Meta-Analysis Cochrane Database Syst Rev
. 2022 Jun 21;6(6):CD015017. doi: 10.1002/14651858.CD015017.pub3.
Ivermectin for preventing and treating COVID-19
Maria Popp 1, Stefanie Reis 1, Selina Schießer 1, Renate Ilona Hausinger 2, Miriam Stegemann 3, Maria-Inti Metzendorf 4, Peter Kranke 1, Patrick Meybohm 1, Nicole Skoetz 5, Stephanie Weibel 1
Affiliations Expand
PMID: 35726131 PMCID: PMC9215332 DOI: 10.1002/14651858.CD015017.pub3
Abstract
Background: Ivermectin, an antiparasitic agent, inhibits the replication of viruses in vitro. The molecular hypothesis of ivermectin's antiviral mode of action suggests an inhibitory effect on severe acute respiratory syndrome coronavirus 2 (SARS-CoV-2) replication in early stages of infection. Currently, evidence on ivermectin for prevention of SARS-CoV-2 infection and COVID-19 treatment is conflicting.

Objectives: To assess the efficacy and safety of ivermectin plus standard of care compared to standard of care plus/minus placebo, or any other proven intervention for people with COVID-19 receiving treatment as inpatients or outpatients, and for prevention of an infection with SARS-CoV-2 (postexposure prophylaxis).

Search methods: We searched the Cochrane COVID-19 Study Register, Web of Science (Emerging Citation Index and Science Citation Index), WHO COVID-19 Global literature on coronavirus disease, and HTA database weekly to identify completed and ongoing trials without language restrictions to 16 December 2021. Additionally, we included trials with > 1000 participants up to April 2022.
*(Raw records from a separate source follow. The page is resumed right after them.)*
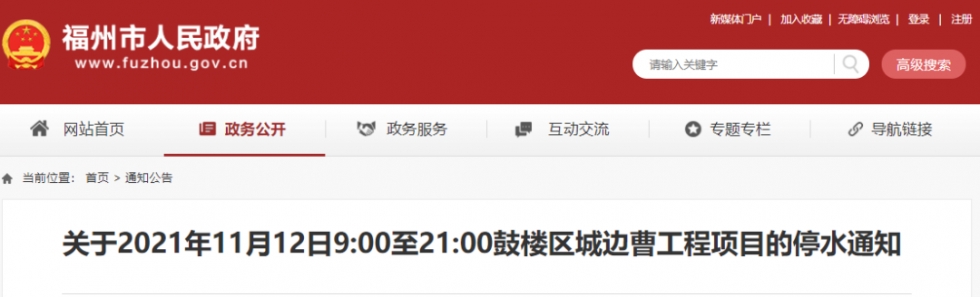 10日起，福州多地停水！最长持续12小时……
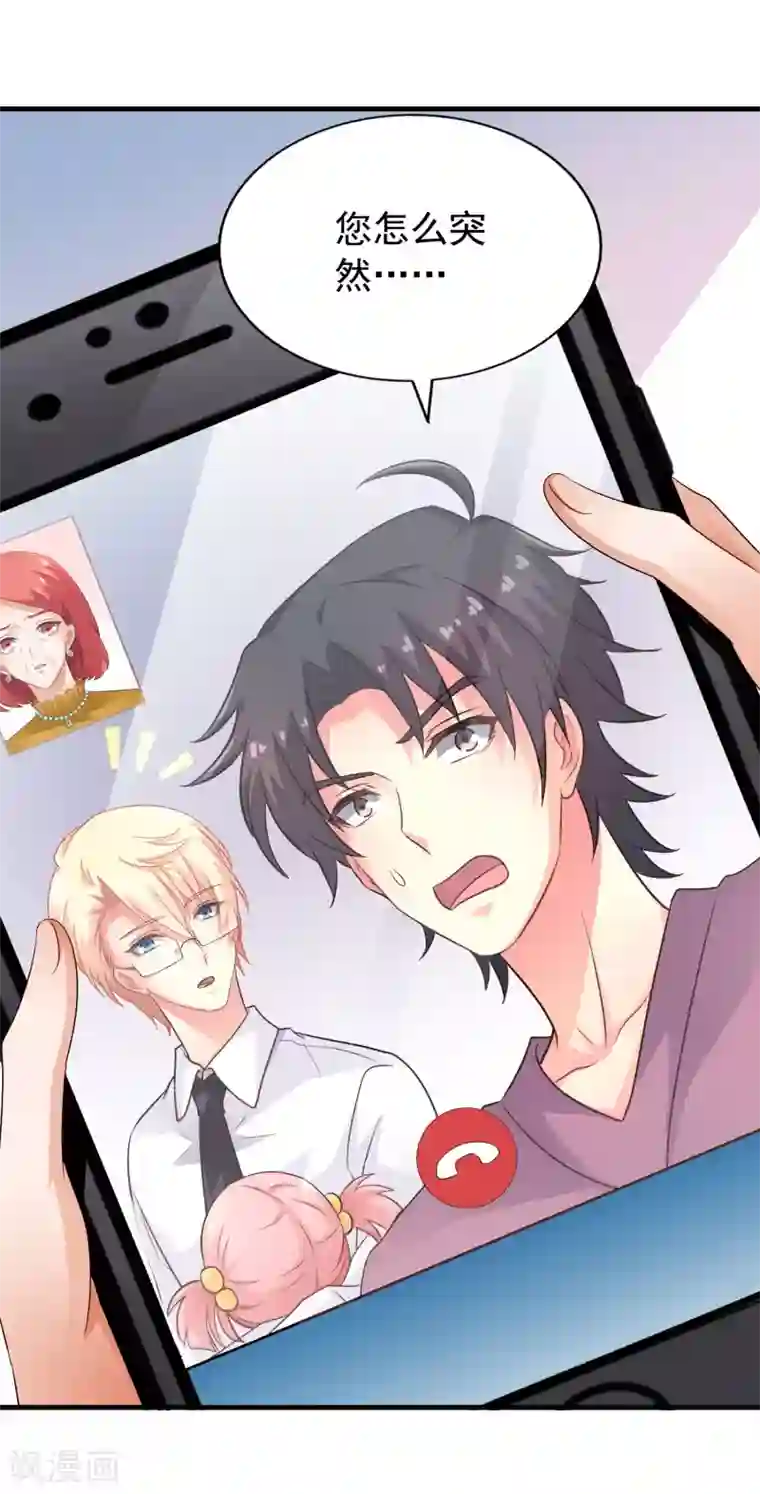 谋心游戏第84话 叫什么阿姨快叫妈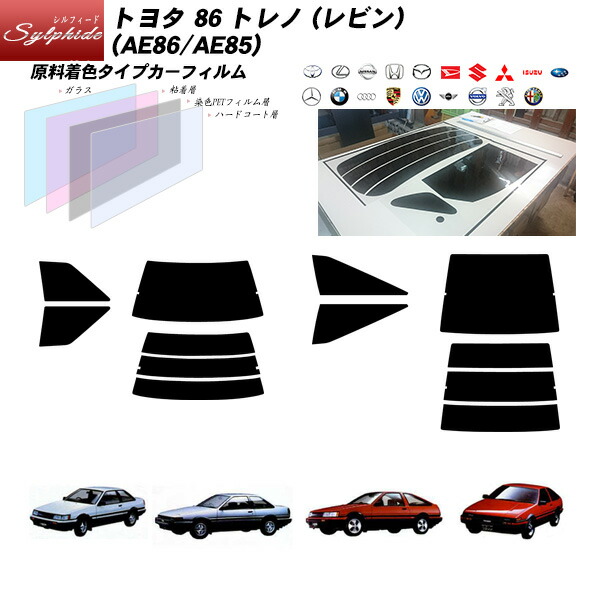 楽天市場】トヨタ 86 トレノ (レビン) (AE86/AE85) ニュー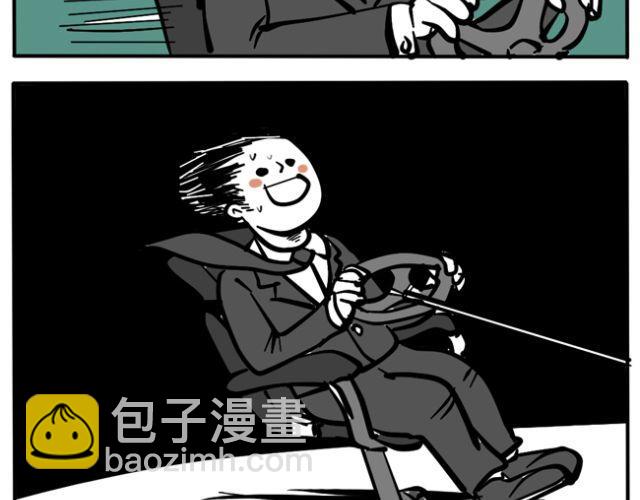 为什么我的衣柜里会有奇怪的男子！-第26话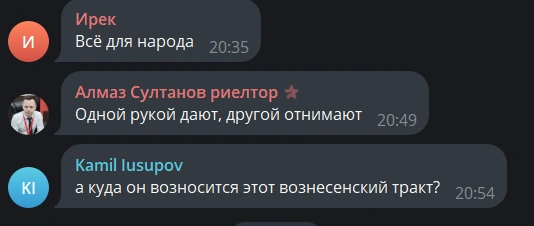 Источник: vkazani / T.me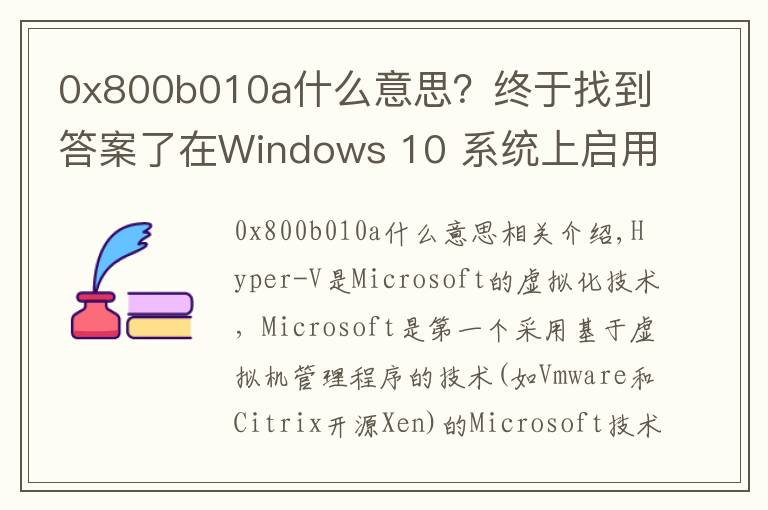 0x800b010a什么意思?终于找到答案了在Windows 10 系统上启用Hyper V遇到的错误:0x800f0831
Selection criteria: We included randomized controlled trials (RCTs) comparing ivermectin to standard of care, placebo, or another proven intervention for treatment of people with confirmed COVID-19 diagnosis, irrespective of disease severity or treatment setting, and for prevention of SARS-CoV-2 infection. Co-interventions had to be the same in both study arms. For this review update, we reappraised eligible trials for research integrity: only RCTs prospectively registered in a trial registry according to WHO guidelines for clinical trial registration were eligible for inclusion.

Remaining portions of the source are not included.